(Beginning of DATA LISTING)
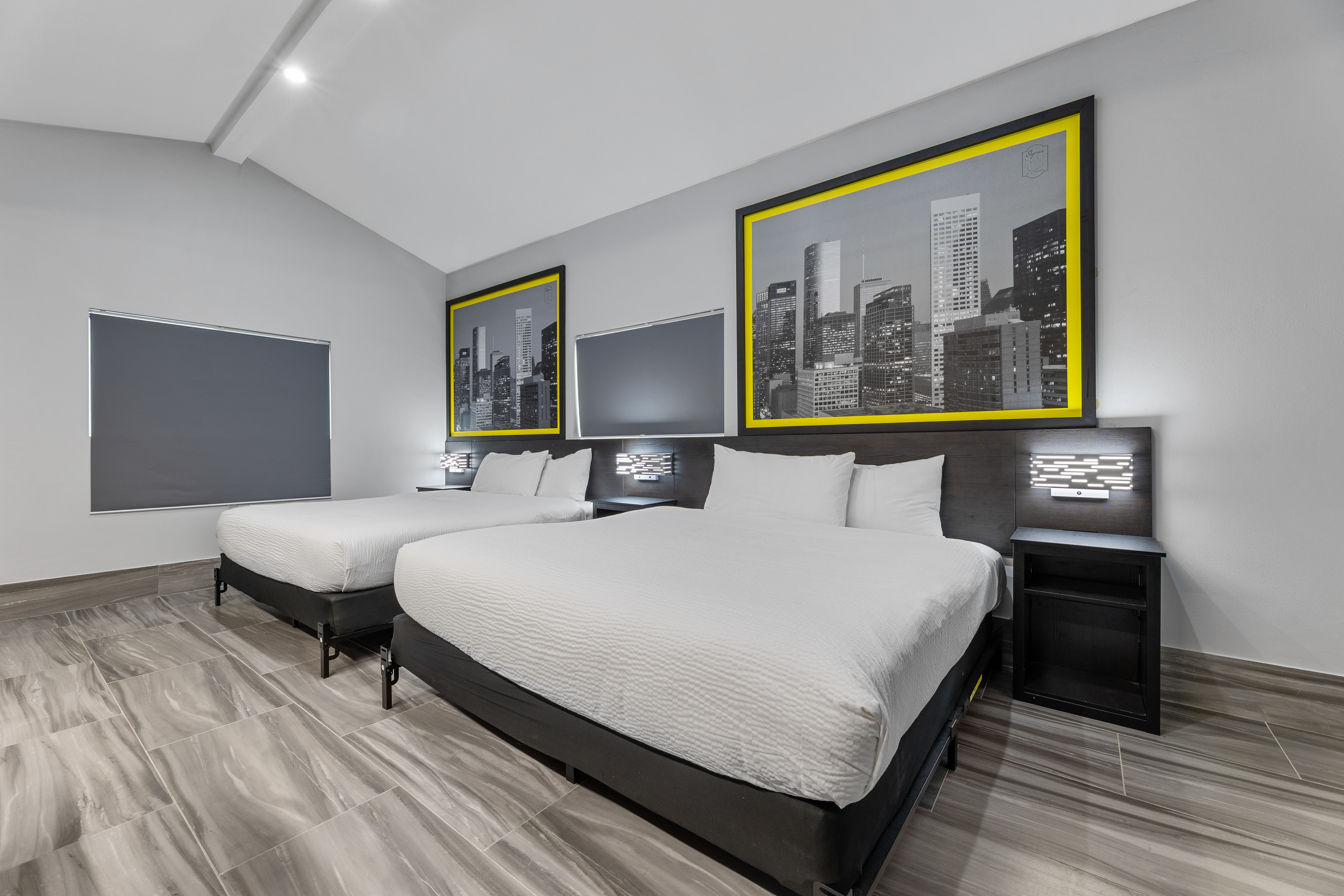 Guest room at the Days Inn & Suites by Wyndham Texas City/Galveston Area in Texas City, Texas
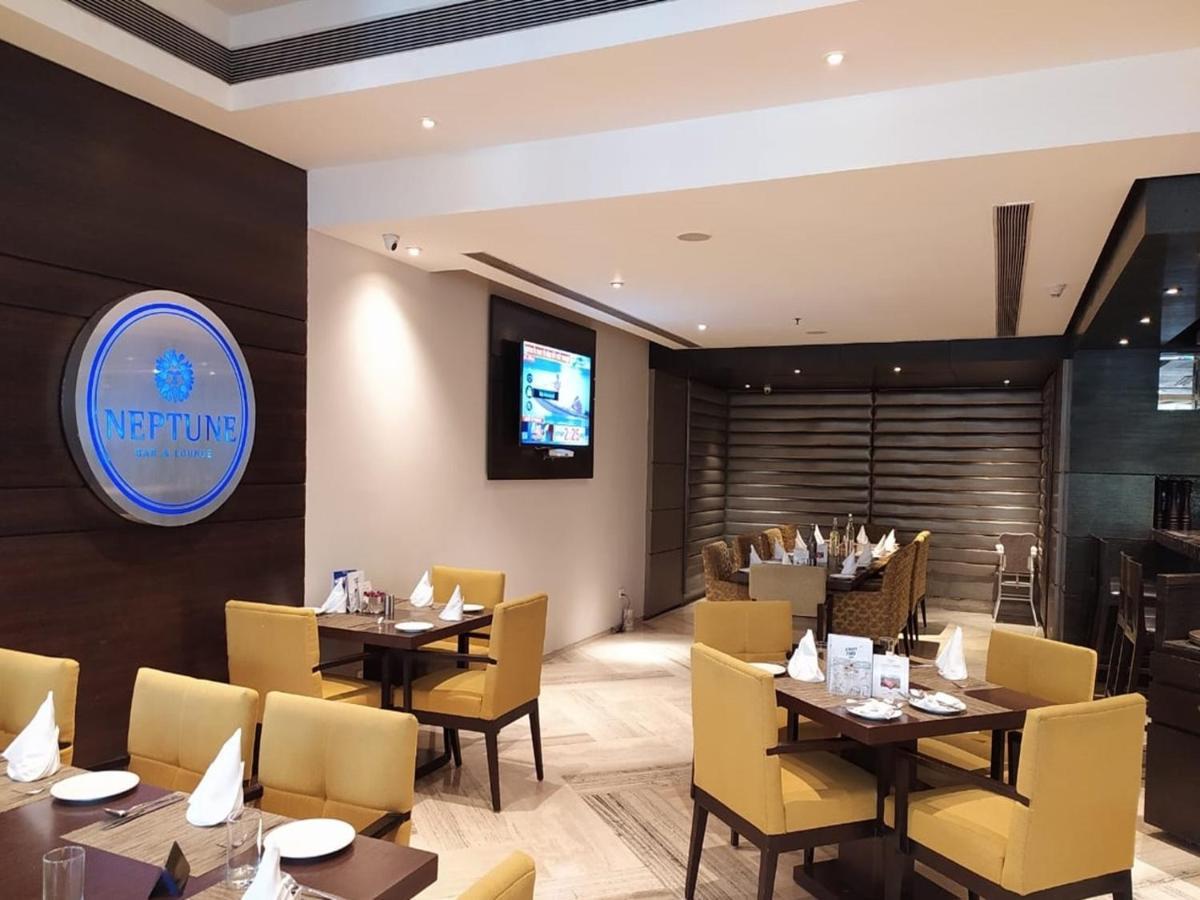 Fortune Inn Grazia, Ghaziabad Esterno foto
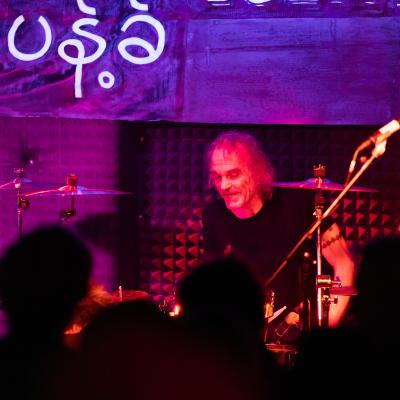 Sin Logica Live Post. Foto von Johannes Jacobs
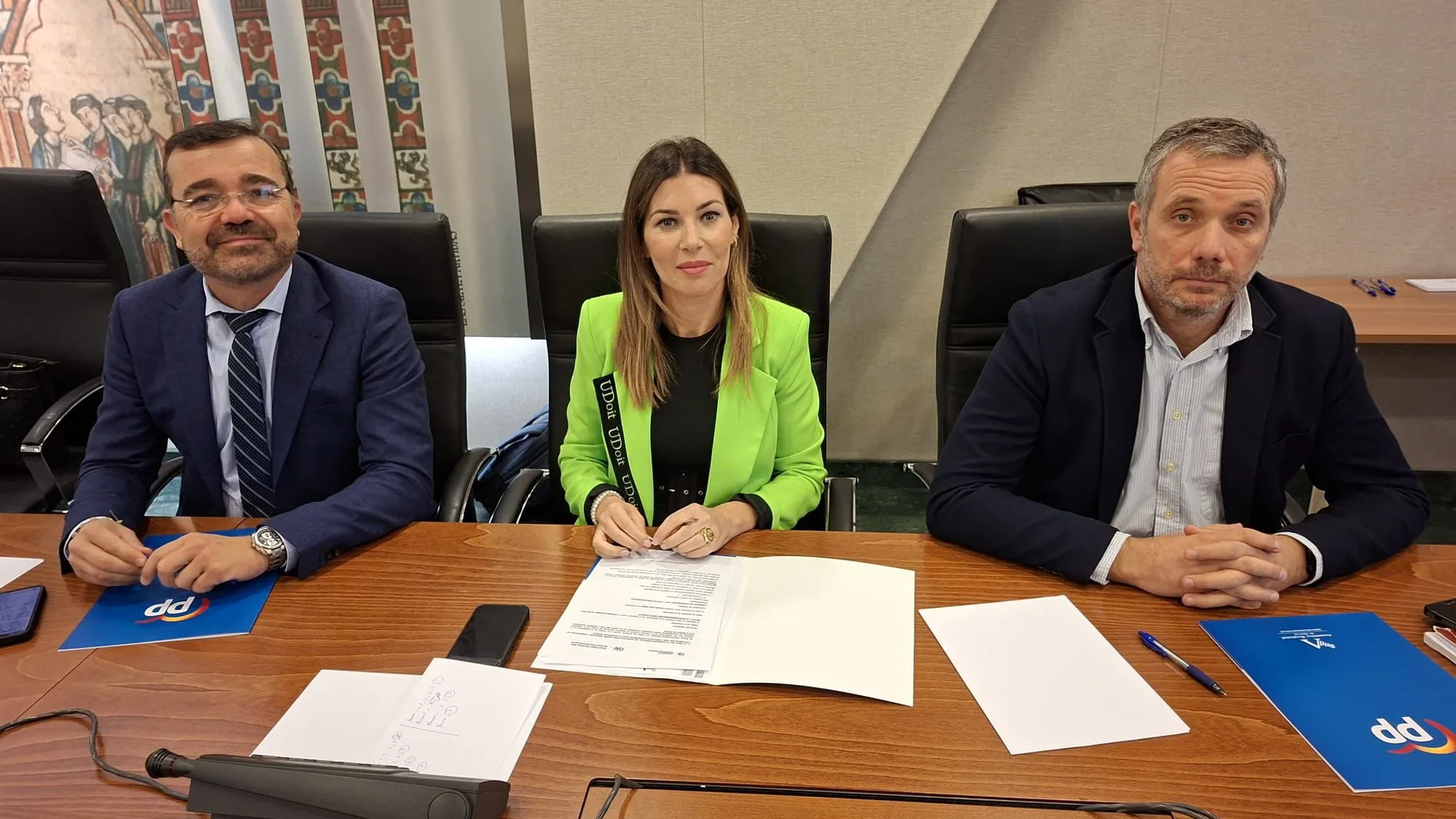 Las presuntas "mordidas" del AVE a Murcia, a debate en la Asamblea Regional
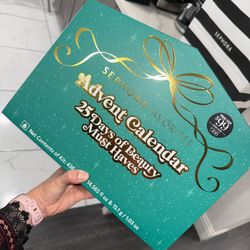 SEPHORA FAVORITES Best-of-Beauty Advent Calendar 2024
(End of DATA LISTING)
Repeat the data exactly. No pictures should appear.

 Guest room at the Days Inn & Suites by Wyndham Texas City/Galveston Area in Texas City, Texas
 Fortune Inn Grazia, Ghaziabad Esterno foto
 Sin Logica Live Post. Foto von Johannes Jacobs
 Las presuntas "mordidas" del AVE a Murcia, a debate en la Asamblea Regional
 SEPHORA FAVORITES Best-of-Beauty Advent Calendar 2024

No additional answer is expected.